» Exercise prompt: Reproduce the first line of the entries that follow and each later line, word for word, ending with the one containing "Audyt energetyczny: Kiedy".

» Supplied data:

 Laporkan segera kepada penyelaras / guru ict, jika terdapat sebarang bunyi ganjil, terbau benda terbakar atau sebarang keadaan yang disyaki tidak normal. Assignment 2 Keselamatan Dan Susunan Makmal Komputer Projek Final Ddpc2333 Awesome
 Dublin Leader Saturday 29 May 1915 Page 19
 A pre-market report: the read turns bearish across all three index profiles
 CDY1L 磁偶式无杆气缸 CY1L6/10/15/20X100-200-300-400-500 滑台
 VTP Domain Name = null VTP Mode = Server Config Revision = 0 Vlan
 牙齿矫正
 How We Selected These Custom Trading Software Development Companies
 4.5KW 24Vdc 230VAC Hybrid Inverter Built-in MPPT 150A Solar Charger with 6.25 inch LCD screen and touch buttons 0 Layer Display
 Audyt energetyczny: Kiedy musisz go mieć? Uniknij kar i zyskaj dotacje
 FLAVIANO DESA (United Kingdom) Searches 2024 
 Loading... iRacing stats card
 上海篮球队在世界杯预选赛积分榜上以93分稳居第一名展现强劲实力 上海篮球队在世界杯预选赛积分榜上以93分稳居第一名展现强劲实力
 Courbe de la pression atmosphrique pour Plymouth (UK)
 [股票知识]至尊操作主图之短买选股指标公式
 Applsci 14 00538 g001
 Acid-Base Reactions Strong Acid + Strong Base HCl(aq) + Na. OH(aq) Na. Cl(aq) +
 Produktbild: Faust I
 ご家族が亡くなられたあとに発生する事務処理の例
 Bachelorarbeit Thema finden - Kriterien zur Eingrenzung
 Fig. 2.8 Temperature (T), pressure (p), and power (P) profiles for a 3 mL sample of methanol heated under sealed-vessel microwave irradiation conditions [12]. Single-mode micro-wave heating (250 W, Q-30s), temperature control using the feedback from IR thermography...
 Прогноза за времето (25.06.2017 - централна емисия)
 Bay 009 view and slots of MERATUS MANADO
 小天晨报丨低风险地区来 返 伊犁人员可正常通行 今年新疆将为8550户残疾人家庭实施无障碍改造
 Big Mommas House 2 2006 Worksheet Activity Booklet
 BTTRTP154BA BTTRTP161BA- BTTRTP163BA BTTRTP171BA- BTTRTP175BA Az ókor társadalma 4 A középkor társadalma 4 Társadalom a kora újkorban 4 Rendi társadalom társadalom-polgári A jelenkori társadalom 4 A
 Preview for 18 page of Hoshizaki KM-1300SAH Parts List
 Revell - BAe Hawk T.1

» Your response:
 Laporkan segera kepada penyelaras / guru ict, jika terdapat sebarang bunyi ganjil, terbau benda terbakar atau sebarang keadaan yang disyaki tidak normal. Assignment 2 Keselamatan Dan Susunan Makmal Komputer Projek Final Ddpc2333 Awesome
 Dublin Leader Saturday 29 May 1915 Page 19
 A pre-market report: the read turns bearish across all three index profiles
 CDY1L 磁偶式无杆气缸 CY1L6/10/15/20X100-200-300-400-500 滑台
 VTP Domain Name = null VTP Mode = Server Config Revision = 0 Vlan
 牙齿矫正
 How We Selected These Custom Trading Software Development Companies
 4.5KW 24Vdc 230VAC Hybrid Inverter Built-in MPPT 150A Solar Charger with 6.25 inch LCD screen and touch buttons 0 Layer Display
 Audyt energetyczny: Kiedy musisz go mieć? Uniknij kar i zyskaj dotacje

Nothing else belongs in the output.